Sculpture Studio of Bridgette Mongeon
This is our sculpture studio in our back yard.
Downstairs is sculpting space upstairs office.
Love the 40′ commute

This weekend I learned to balance a ladder on a sloped 10-foot high roof, using a piece of foam on the roofing tiles to keep the ladder from
slipping. Then I proceeded to climb up another 9 feet to paint the dormers. Did I tell you I am afraid of heights? I was pretty proud of myself; I was walking around atop that roof like a regular roofer.

Staining handrails, painting the back of the building and trim, and trying to hang a French door were the goal of our weekend. I was very thankful to have my daughter pitch in on Sunday. This is where I wish I had 12 strong friends. I think we will have to do the drywall ourselves. We just don’t have it in the budget. It is a massive job that I am not looking forward to it. Today I am wiring the building for the phone, and packing and moving.

The building does look cute though. I still have to paint the stairs going up stairs, but trying to find 48 hours of drying time where no one can go up or down is almost impossible.

I’m also going to take photographs of all of the interior walls before the insulation. I have done this before on other projects. It is a handy thing to have when you are trying to figure out studs or wiring or plumbing in the future.

All in all the building and moving are coming along, but I am tired and sore most of the time and thought it is only 3 weeks away, it is hard to see myself through these last few weeks. Breathe, and proceed to the next thing and keep going until it is time for bed. That is all I can do. Breathe, Breathe.

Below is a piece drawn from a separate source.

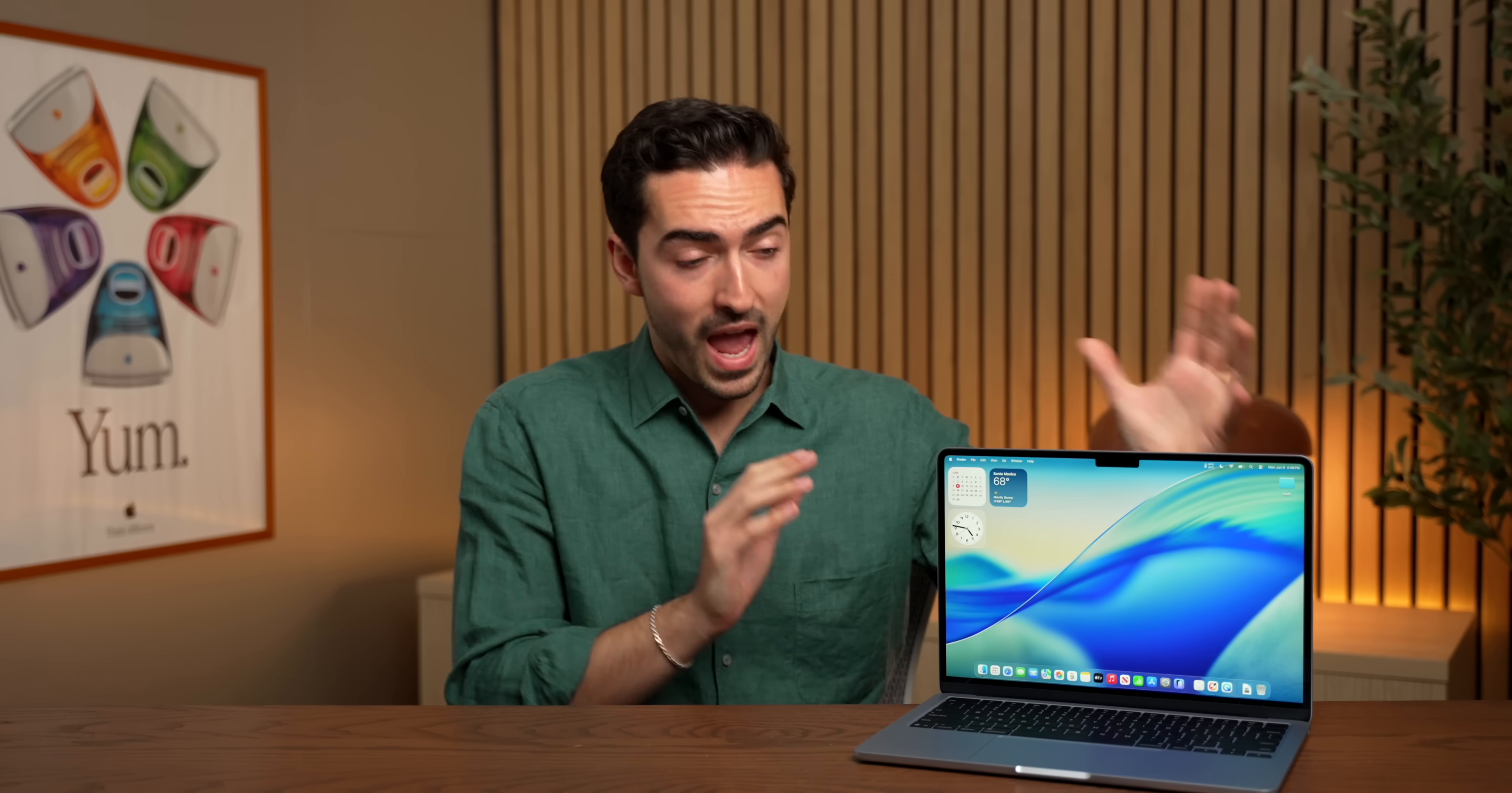They need to prove that they can have a major update like this with a ton of new features and a new UI and a new design language and actually execute on it. Frankly, I don't think people are going to be all that understanding if this great new redesign launches and it's really buggy and unusable for the first couple of months. So that's going to be the big test for Apple. Can they do it? I'm not sure, but we're going to find out.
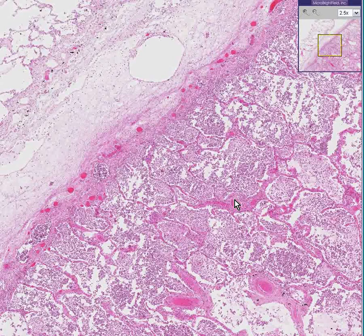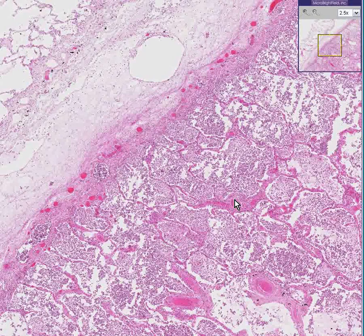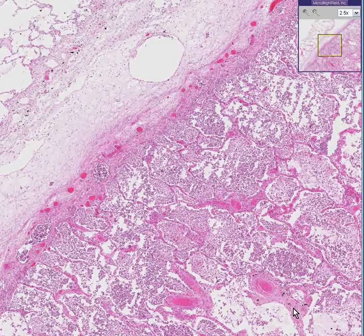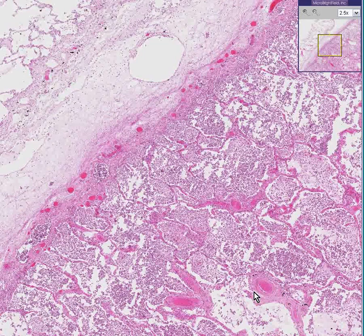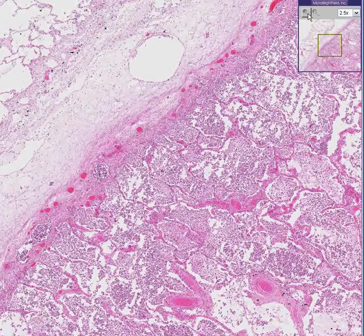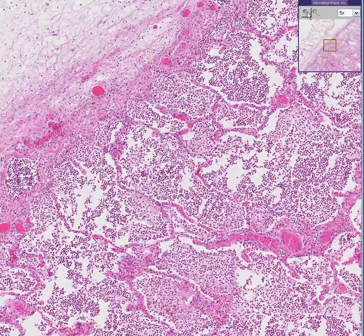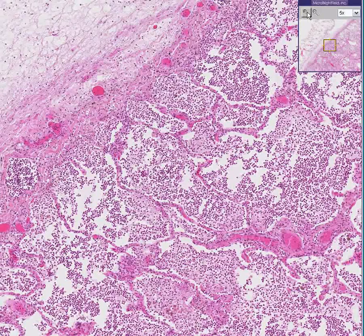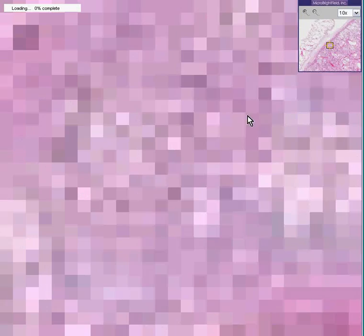the whole lobe can often be diffusely involved as well. But in the early stages, the pneumonia starts around bronchi. Bronchopneumonia is more likely to involve multiple lobes because the focus of the infection is in the bronchi rather than just in the bronchi of one lobe.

In Loving Memory Of Patsy… Packing Patsy

Making the decision to hold off on sculpting Patsy until I move into the studio has relieved me of quite a bit of pressure. For the first time I could go to the studio and just pack. I sat down at my sculpting table cleaned off all of my tools and packed them into a special box. I wrapped up Patsy dress, collected the many photos and tossed a working smock into the box. Then I marked the outside of the box “Patsy and tools”. Even as I packed it up I thought, “Maybe given a little time and space I can pull these tools and work on the bust while sitting on my new porch.” It will be a welcome reunion between Patsy and I as I open the box and begin to work. I look forward to having her be the first thing created in the new space.